TASK OBJECTIVE - Without the images, repeat every line of the listing exactly.

COLLECTED DATA -
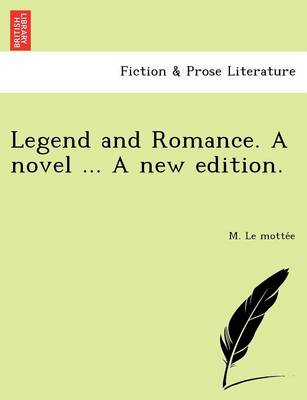 Legend and Romance. a Novel ... a New Edition. (Paperback)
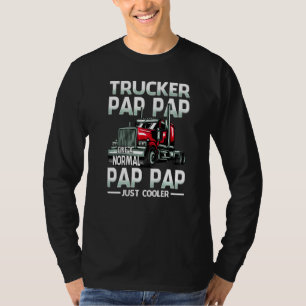 Vrachtwagenchauffeur Pap Pap Als Een Normale Pap P T-shirt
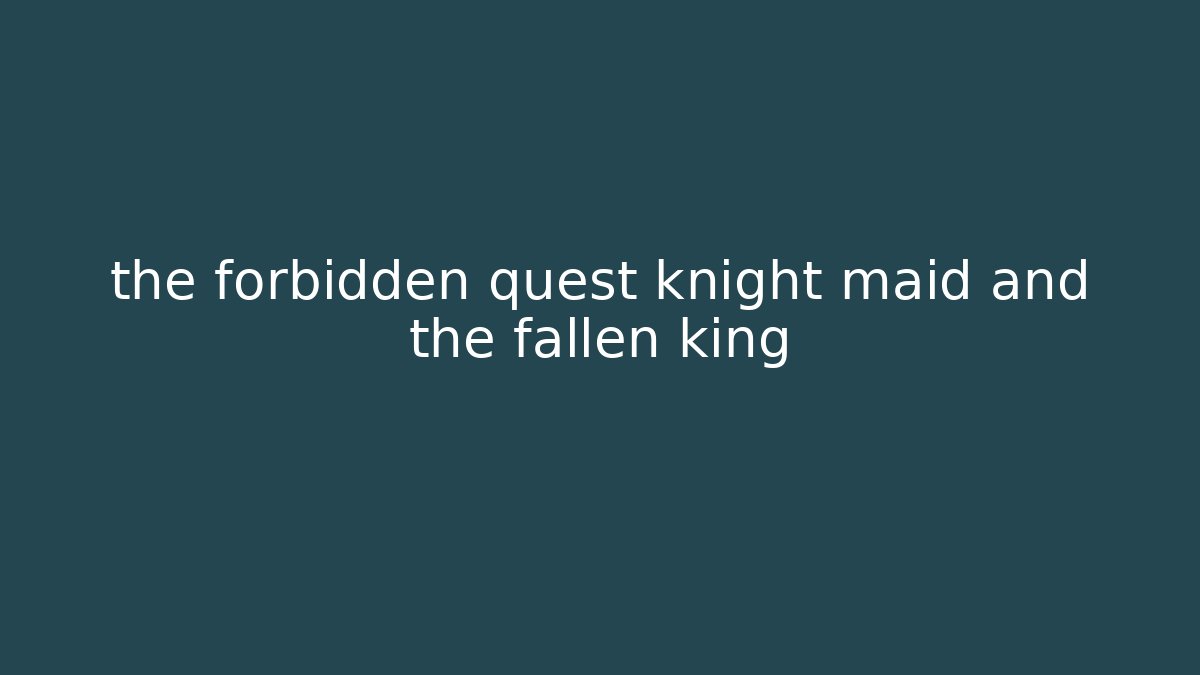 the forbidden quest knight maid and the fallen king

YOUR SOLUTION -
 Legend and Romance. a Novel ... a New Edition. (Paperback)
 Vrachtwagenchauffeur Pap Pap Als Een Normale Pap P T-shirt
 the forbidden quest knight maid and the fallen king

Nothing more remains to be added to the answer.